Hiking through history: Little Cataloochee offers a window to the past
One hundred years ago, the parking area and campground just past the fields in Cataloochee Valley where elk often hang out was better known as Nellie, a remote community in what is now the Great Smoky Mountains National Park.
As anybody who’s ever driven the steep and narrow access road from Jonathan Creek can imagine, it was hard to get in and hard to get out in the days when horsepower came mainly from actual horses. People didn’t have much, partly because of how difficult it was to transport outside goods up and over the ridge.
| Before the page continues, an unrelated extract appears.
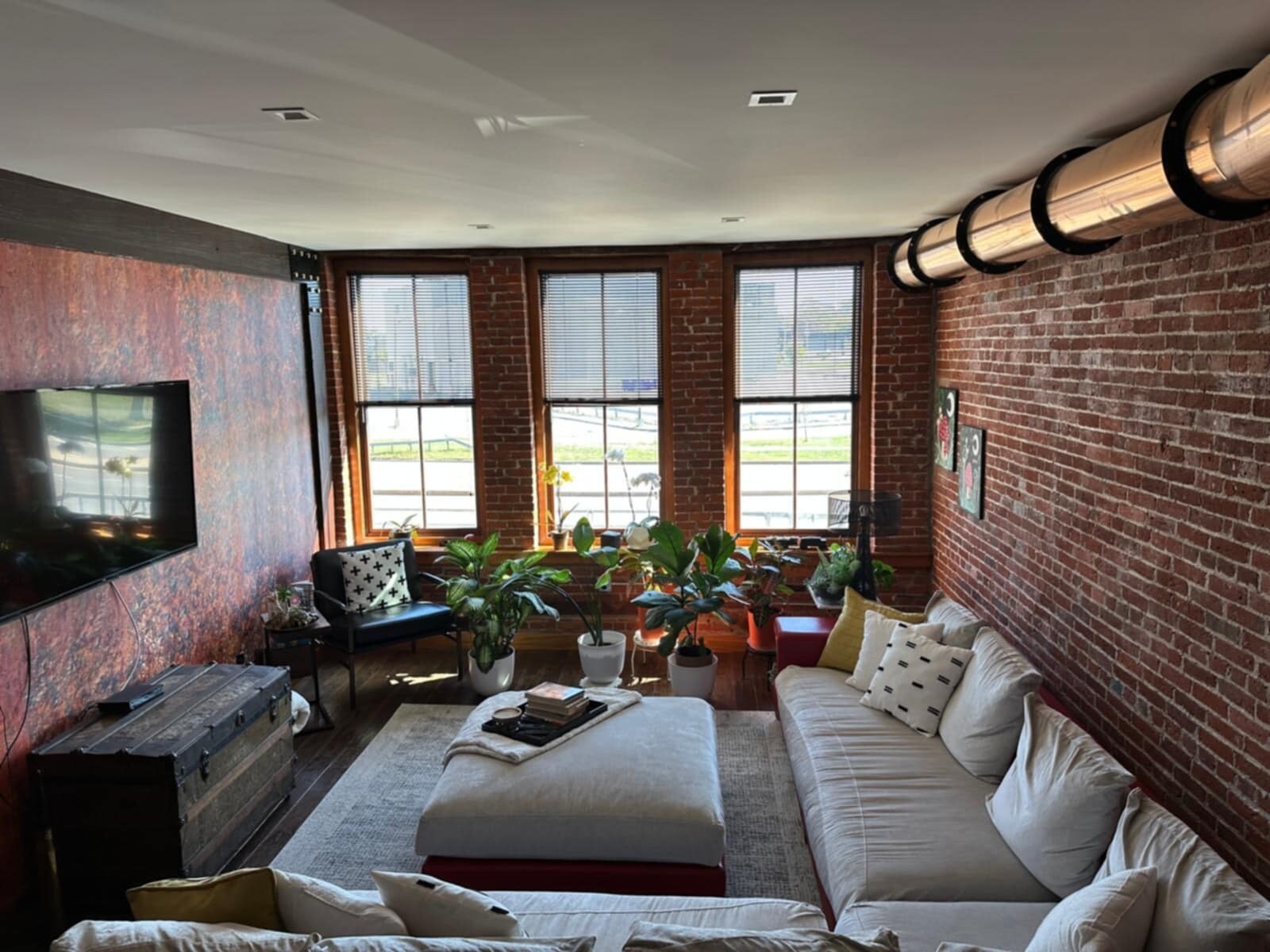 Building Photo - 98 Genesee St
When settlement began in the 1830s, Robert Love, a big landowner in Haywood County, held all the land in Cataloochee. The Cherokee had a presence too, using the land as hunting grounds but not erecting permanent settlements there. Love sold the land to families who wanted to move in, acting as a mortgage holder by allowing them to pay in installments over a period of as many as 20 years. People came, and eventually they outgrew the valley.
“They had 10 and 11 children apiece, and people started looking for new places to go,” said Beth Fluharty, who led a hike to Little Cataloochee for Carolina Mountain Club April 10.
Fluharty, an Asheville native with deep family roots in Western North Carolina, has long had an interest in history, and she jumped at the chance to dive into researching Cataloochee’s past for the 10.5-mile outing she and her husband Randy led on a sunny-and-70s Wednesday.
When the settlers at Nellie found themselves in need of new land, they looked over the Davidson Divide, to an area known as Little Cataloochee.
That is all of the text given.